Three years ago when I visited North America, it was the television commercials for flipping and re-mortgaging houses that caught my eye as a worrying sign. This year, watching TV at night in Vancouver, it is the advertising for commodity exchange traded funds that catch my attention.
Commodity ETFs are an attractive way to hold financial exposure to anything from oil to gold and agriculture. They are relatively cheap as a financial vehicle and very liquid. But you are still making a bet on the direction of these markets, and that is all that really matters.
So what does it mean when an investment appears in a TV advert? Well, it is not something you will see until an investment is pretty much agreed on by the consensus. TV ads are expensive and take time to make. Therefore, they tend to be top-of-the-market indicators.

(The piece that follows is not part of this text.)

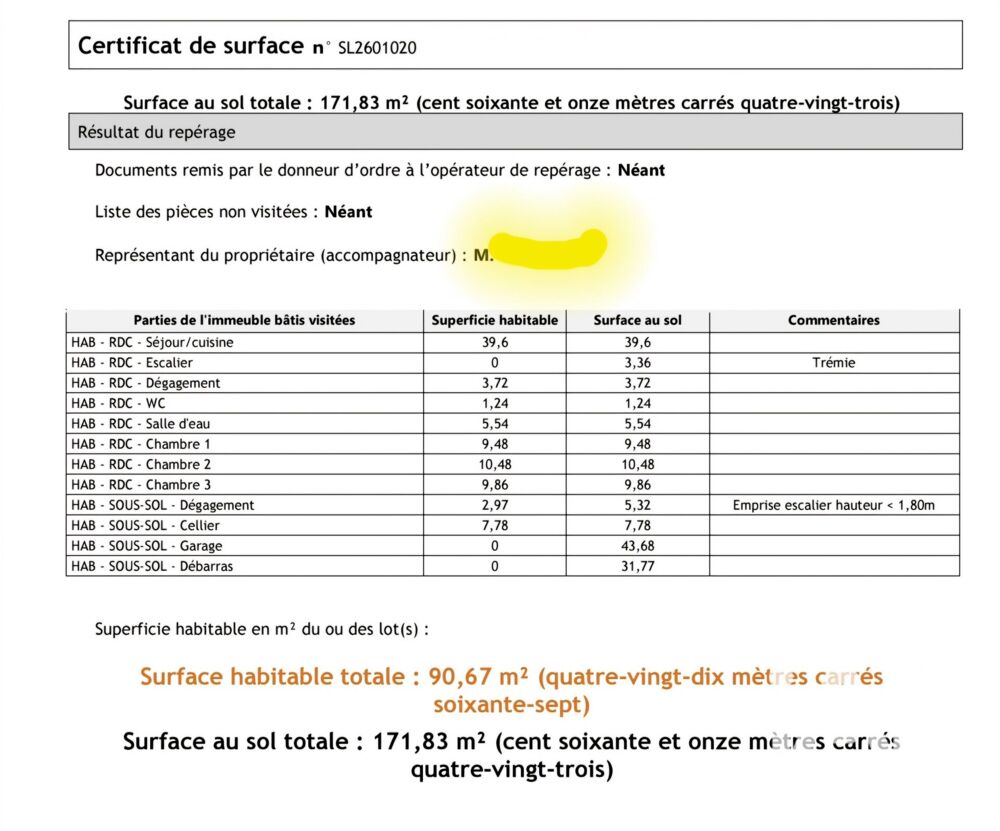 Vente Maison/villa 4 pièces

Another similar media indicator are books about an investment class. My own book ‘Opportunity Dubai’ was the same. It takes a long time to write and even longer to get published, and so books often appear just as the fundamentals they describe are changing.
Yesterday I bought The Goldwatcher, an excellent new book by John Katz and Frank Holmes with a forward by Dr Marc Faber. Perhaps this is also a negative indicator, although I asked Dr Faber that last night and he said gold has a maximum downside of $850 an ounce in any correction.
Perhaps it is the rest of the commodities complex ex-gold that should be the main concern. It is surely illogical that in the worst recession since the Second World War – with trade and industrial output slumping faster than in 1930 – that commodity prices should stay up.
Agora Financial senior editor Chris Mayer made a powerful case for agriculture as an investment theme at the Decade of Reckoning conference here in Vancouver. Population growth and a desire to eat well are strong drivers, and the longer trend is clear. Companies like Potash Corporation and Lindsy are Mayer’s top picks to play this trend.
But in the short term you have to wonder if the rally in agricultural prices is not overdone and maybe even more obviously the industrial metals and materials complex. If this is really such a terrible recession why should commodity prices hold up?
There ought to be a short-term correction at the very least as recession is striking at the heart of demand for commodities. If global manufacturing is in crisis then commodities should be cheap not expensive, and if so then the TV commercials for commodity ETFs are indeed a warning to heed.